Abondant dans le même ordre d’idées, le chercheur universitaire évoque également le cas du mouvement du Rif qui est, d’ailleurs, un mouvement soudain et spontané dû à plusieurs facteurs : social, électoral…
Autant dire que l’enjeu actuel consiste dans le degré de la capacité des acteurs institutionnels à comprendre la logique des revendications de la société pour anticiper les crises politiques et éviter tous les dérapages, a-t-il déclaré avec insistance.
Par ailleurs, le professeur Okacha Ben El Mostafa, professeur à l’Université Mohamed 1er à Oujda, a axé son exposé sur la problématique du changement au Royaume. «Contrairement à plusieurs Etats dans le monde entier, où le changement s’opère par le bas, le Maroc fait exception, car le changement vient souvent d’en haut», a-t-il noté. Et d’expliquer que «la monarchie, inscrivant son action dans une démarche interactive, a été souvent à l’origine de toutes les réformes politiques et sociales».
Il est certes certain que le Maroc a franchi un grand pas en matière de réformes politiques et de modernisation des structures d’Etat; on constate, néanmoins, que le champ politique vacille encore entre institutionnalisation et personnification du pouvoir, a-t-il précisé. Bref, «il s’agit d’un processus de changement limité, régulé, voire maîtrisé», a souligné Ben El Mostafa.
Redéploiement de l’autoritarisme?
Même son de cloche chez Mohamed El Hachimi, professeur à la Faculté polydisciplinaire d’El Jadida, en avançant l’hypothèse qu’on a assisté depuis 2011 à un redéploiement de l’autoritarisme. A l’en croire, le paradigme de la transition démocratique n’est plus apte à appréhender la réalité politique marocaine. En termes plus clairs, la Constitution du 2011 a renforcé le pouvoir «des acteurs non élus» au détriment des «acteurs élus» et des préférences des électeurs, a-t-il clarifié.

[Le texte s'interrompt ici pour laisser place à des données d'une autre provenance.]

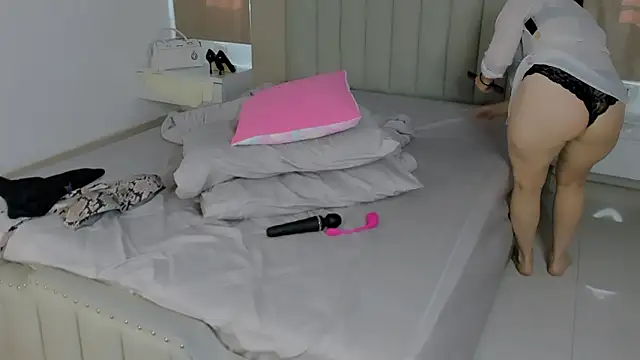 Juliamills's cam snapshot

Autre point non moins important, celui de la restructuration du champ politique pour faire face à l’autorité (élus) et qui, selon l’intervenant, renforce l’hypothèse du redéploiement de l’autoritarisme dans le champ politique.
Il s’avère toutefois que cette orientation ne va pas résister devant les contradictions qui traversent la société marocaine et qu’il faudrait s’attendre dans l’avenir à d’autres protestations, pour la simple raison que les structures traditionnelles sont incapables d’endiguer ces contradictions ». Pour El Hachimi, le véritable hic c’est qu’il existe un hiatus abyssal entre les structures traditionnelles et les institutions actuelles empreintes de conservatisme d’une part, et une société de plus en plus ouverte sur le monde extérieur, d’autre part.
Sur un autre registre, Hassan Tariq, professeur à La Faculté de Droit Souissi, considère que la transition vers la modernité n’est pas souvent linéaire, car il s’agit plutôt d’un processus complexe, ponctué de conflits entre les structures traditionnelles et modernes. Pour lui, durant l’histoire politique du Maroc depuis l’Indépendance, l’Etat avait rempli un rôle central ou ce qu’il a désigné par l’Etat hégémonique. Mais cette posture hégémonique va s’effilocher au fil du temps et ce, en raison de plusieurs variables déterminants, à commencer par la transition démographique, en passant par l’augmentation du taux de scolarité et le changement à l’échelle des valeurs et de représentations chez les individus. Ces facteurs, conjugués à une sécularisation accrue et silencieuse et une tendance croissante vers l’individualisme de la société sans oublier l’impact des outils technologiques, ont émoussé la capacité d’intégration des structures traditionnelles.
Encore plus, ces structures ont vu leur attractivité décroitre. Ainsi, pour Hassan Tariq, les élections qu’a connues le Maroc en 2015 et 2016 en sont la preuve ; elles n’ont fait que montrer au grand jour l’échec de l’autoritarisme électoral. Cela signifie que la trilogie «argent, monde rural et notables» n’est plus déterminante dans le processus électoral comme auparavant, et que l’Etat ne pouvait plus maitriser les outputs de l’opération électorale, a-t-il conclu.